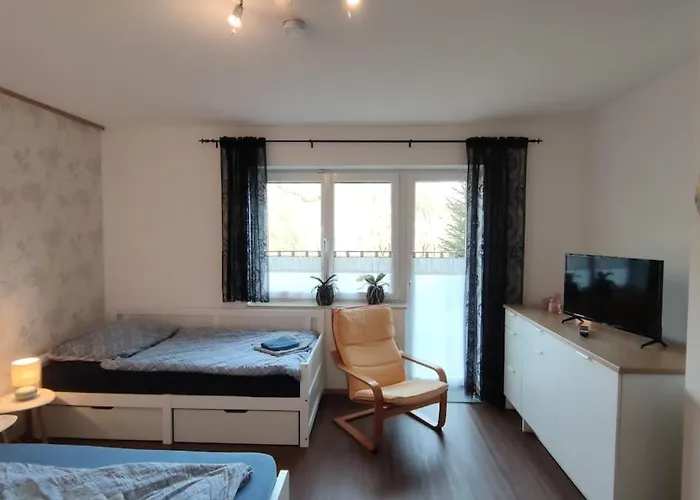 شقة Im Moselland مارينغ - نوفياند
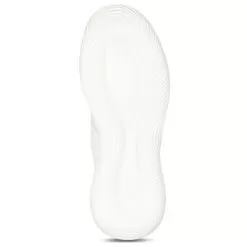 Bata 3D White Sneakers For Women -Shoes for me! 5591887 6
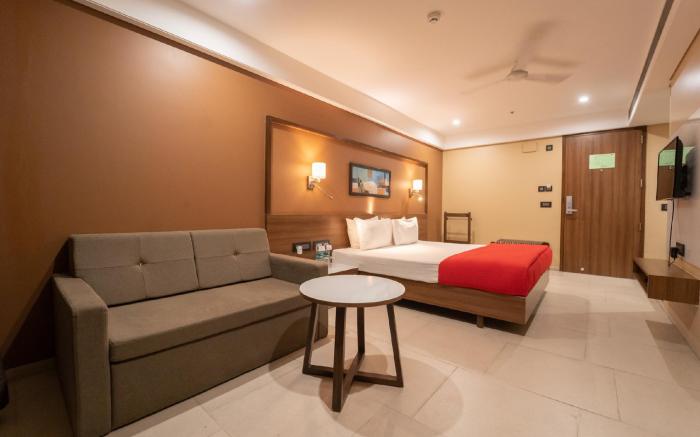 Enrise By Sayaji Pune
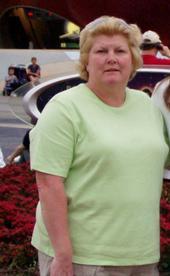 Linda Fisher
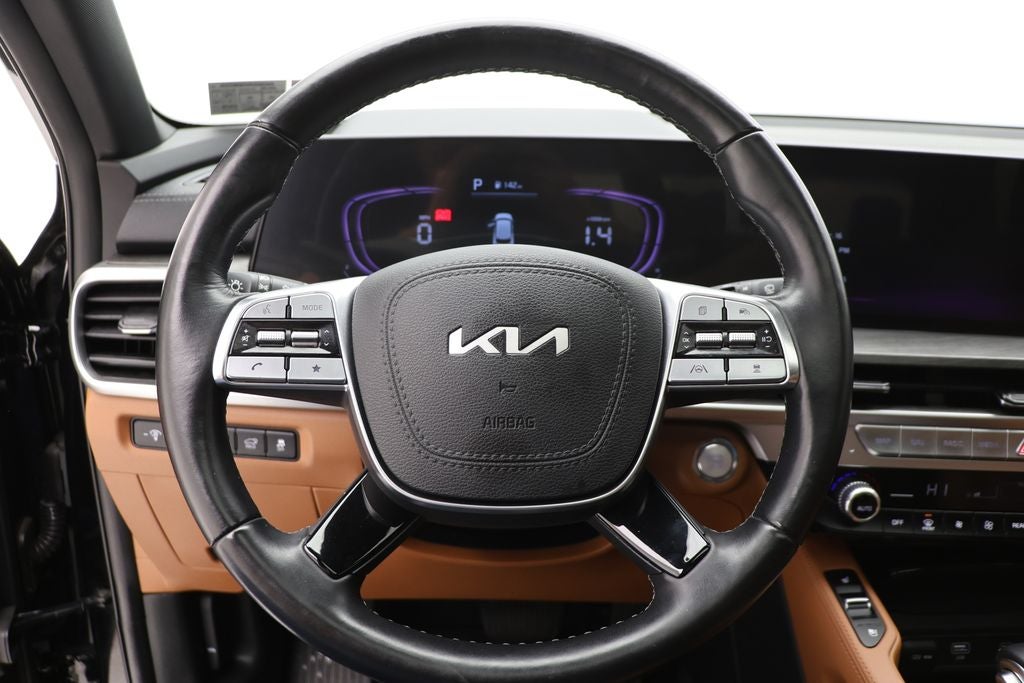 2023 Kia Telluride EX X-Line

______

Up to and including the last line of the listing, starting at the line with "Bata 3D White", extract every line exactly and leave out the pictures.

 Bata 3D White Sneakers For Women -Shoes for me! 5591887 6
 Enrise By Sayaji Pune
 Linda Fisher
 2023 Kia Telluride EX X-Line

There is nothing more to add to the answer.